First, this result implies that a prejudice exists against "alternative" interventions. It is conceivable, even likely, that such prejudice extends into other areas, such as research funding. If this is true, it would indicate that the playing field is not level.
Second, one might assume that the phenomenon observed in this study related to a much wider bias against ideas, concepts, or hypotheses that do not follow the trodden path of the mainstream thinking of the present day."
Authors believe that if being true the bias would amount to a serious limitation of today's practice of science, and that ways need to be found to overcome this limitation.

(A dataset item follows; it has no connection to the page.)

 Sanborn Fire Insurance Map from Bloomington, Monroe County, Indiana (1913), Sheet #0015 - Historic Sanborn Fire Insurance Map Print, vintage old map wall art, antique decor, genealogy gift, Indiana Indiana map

Paper abstract from PubMed database:
Resch K.I., Ernst E., Garrow J.
A randomized controlled study of reviewer bias against an unconventional therapy.
Journal of the Royal Society of Medicine, 93:164-7, April 2000.

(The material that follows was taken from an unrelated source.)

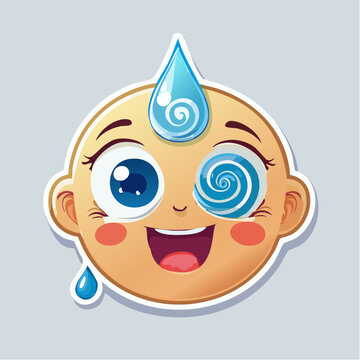 Cartoon Baby Face with Water Droplets and Swirling Eyes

Forschungsinstitut fur Balneologie und Kurortwissenschaft, Bad Elster, Germany.
Abstract. A study was designed to test the hypothesis that experts who review papers for publication are prejudiced against an unconventional form of therapy. Two versions were produced (A and B) of a 'short report' that related to treatments of obesity, identical except for the nature of the intervention. Version A related to an orthodox treatment, version B to an unconventional treatment. 398 reviewers were randomized to receive one or the other version for peer review. The primary outcomes were the reviewers' rating of 'importance' on a scale of 1-5 and their verdict regarding rejection or acceptance of the paper. Reviewers were unaware that they were taking part in a study. The overall response rate was 41.7%, and 141 assessment forms were suitable for statistical evaluation. After dichotomization of the rating scale, a significant difference in favour of the orthodox version with an odds ratio of 3.01 (95% confidence interval, 1.03 to 8.25), was found. This observation mirrored that of the visual analogue scale for which the respective medians and interquartile ranges were 67% (51% to 78.5%) for version A and 57% (29.7% to 72.6%) for version B. Reviewers showed a wide range of responses to both versions of the paper, with a significant bias in favour of the orthodox version. Authors of technically good unconventional papers may therefore be at a disadvantage in the peer review process. Yet the effect is probably too small to preclude publication of their work in peer-reviewed orthodox journals.